Климат замечательный, природа чудесная, жители добропорядочные, продукты дешевые… Это что‑то вроде швейцарской деревни. Что еще человеку нужно?

Моему воображению представились солнечные дороги, тенистые сады, речка, лес. Сердце бешено заколотилось, и все‑таки я не решалась сказать сразу «да». Как бы там ни было, мне хотелось прежде всего посоветоваться с Хаджи‑калфой.

— Позвольте дать вам ответ через два часа, эфенди.

Заведующий вдруг встрепенулся:

— Помилуй, дочь моя, дело очень срочное! Есть и другие претенденты. Упустишь место — пеняй на себя.

— Тогда дайте хоть час, бей‑эфенди…

Выйдя из кабинета заведующего, я носом к носу столкнулась со своей соперницей Хурие‑ханым. На днях Хаджи‑калфа сказал мне, что в Б… нас прозвали именно так — «соперницы». Хурие‑ханым в свое время сильно напугала меня, поэтому, встретившись с ней в коридоре, я опять перетрусила и попыталась быстро проскочить мимо. Но Хурие‑ханым загородила дорогу и схватила меня за край чаршафа, словно обнаглевшая нищенка.

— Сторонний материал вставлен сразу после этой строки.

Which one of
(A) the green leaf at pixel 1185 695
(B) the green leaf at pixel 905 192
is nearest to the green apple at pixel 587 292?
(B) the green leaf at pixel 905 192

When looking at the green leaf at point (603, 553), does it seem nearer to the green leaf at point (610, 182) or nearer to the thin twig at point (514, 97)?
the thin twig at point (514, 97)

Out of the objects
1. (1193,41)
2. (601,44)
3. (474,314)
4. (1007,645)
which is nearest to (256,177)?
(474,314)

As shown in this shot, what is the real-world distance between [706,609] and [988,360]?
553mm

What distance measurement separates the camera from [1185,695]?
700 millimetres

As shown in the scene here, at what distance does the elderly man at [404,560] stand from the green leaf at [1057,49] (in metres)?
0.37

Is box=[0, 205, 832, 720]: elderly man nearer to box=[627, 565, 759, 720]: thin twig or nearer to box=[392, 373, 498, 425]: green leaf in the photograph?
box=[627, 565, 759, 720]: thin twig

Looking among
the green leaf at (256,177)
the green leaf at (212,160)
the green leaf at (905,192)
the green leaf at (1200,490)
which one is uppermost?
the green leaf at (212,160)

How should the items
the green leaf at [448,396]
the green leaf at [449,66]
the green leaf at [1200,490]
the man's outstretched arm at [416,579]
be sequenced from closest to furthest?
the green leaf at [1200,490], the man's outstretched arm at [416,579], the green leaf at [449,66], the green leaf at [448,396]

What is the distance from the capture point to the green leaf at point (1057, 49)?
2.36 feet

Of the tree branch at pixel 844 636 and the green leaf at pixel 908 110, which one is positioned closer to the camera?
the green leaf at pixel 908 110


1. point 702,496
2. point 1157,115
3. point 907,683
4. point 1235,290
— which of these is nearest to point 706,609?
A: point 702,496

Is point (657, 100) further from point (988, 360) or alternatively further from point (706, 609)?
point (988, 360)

— Ханым‑эфенди, дочь моя, — слезливо начала она, — я на днях очень плохо обошлась с вами. Извините, ради аллаха. Это все нервы. Я была так убита тогда. Ах, дочь моя, если б вы знали, чего только я не испытала в жизни, вы пожалели бы меня! Простите за мою несдержанность.

— Ничего, ханым‑эфенди, — пробормотала я и снова попыталась пройти.

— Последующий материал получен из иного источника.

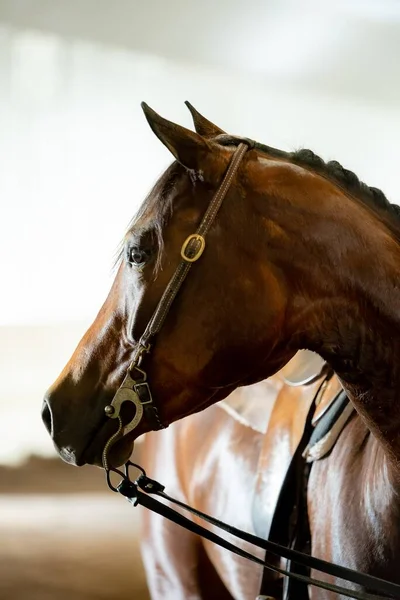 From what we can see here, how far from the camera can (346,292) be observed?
640mm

Но Хурие‑ханым не собиралась отпускать меня. Она принялась жаловаться на свое положение и заявила, что пятерым душам, которых она содержит, грозит улица и нищенство. Хурие‑ханым все больше и больше приходила в неистовство, голос ее постепенно возвысился до крика и перешел в истеричный фальцет.

Совершенно растерявшись, я стояла, не зная, что делать, что говорить. Но хуже всего, что эта комедия привлекла зрителей. Вокруг нас образовалась толпа служащих канцелярии, секретарей, мальчишек‑подручных, разносящих кофе и шербет.

Щеки мои пылали. Он стыда я готова была провалиться сквозь землю.

— Прошу вас, ходжаным, говорите тише! — взмолилась я. — На нас люди смотрят.

Но Хурие‑ханым, как назло, заголосила еще громче.

Она рыдала, рвала на себе волосы, била кулаком в грудь так, что отлетали пуговицы, пыталась поцеловать мои руки и колени.

К ужасу своему, я видела, как толпа вокруг нас продолжает расти. Так на стамбульских улицах народ обступает крикливого торговца подозрительными средствами от пятен или мозолей или же бродячего зубного лекаря.

До меня уже долетали такие слова: «Жалко бедняжку…», «Не заставляй плакать несчастную, девушка!..».

Вдруг возле нас появился высокий белобородый мулла в зеленой чалме.

— Дочь моя, — обратился он ко мне, — религиозный долг и человеколюбие велят относиться к старшим почтительно, с уважением. Не вставай на пути этой почтенной женщины, не отнимай у нее куска хлеба. Уступи ей, и ты возрадуешь аллаха и пророка. Создатель всемилостив, он откроет для тебя другую дверь в своей волшебной сокровищнице.

Я дрожала под чаршафом, обливаясь холодным потом. В этот момент какой‑то торговец кофе, гремя щипцами, которые у него были в руках, закричал:

— Верно! Верно!.. Ты всегда заработаешь себе на хлеб там, где будет аллах.

В толпе раздался смех. Откуда‑то появился секретарь, подвязанный красным кушаком, схватил торговца за шиворот и потащил его к лестнице.

— Ах ты, бесстыдник! Сейчас я тебе все зубы пересчитаю! — пригрозил он.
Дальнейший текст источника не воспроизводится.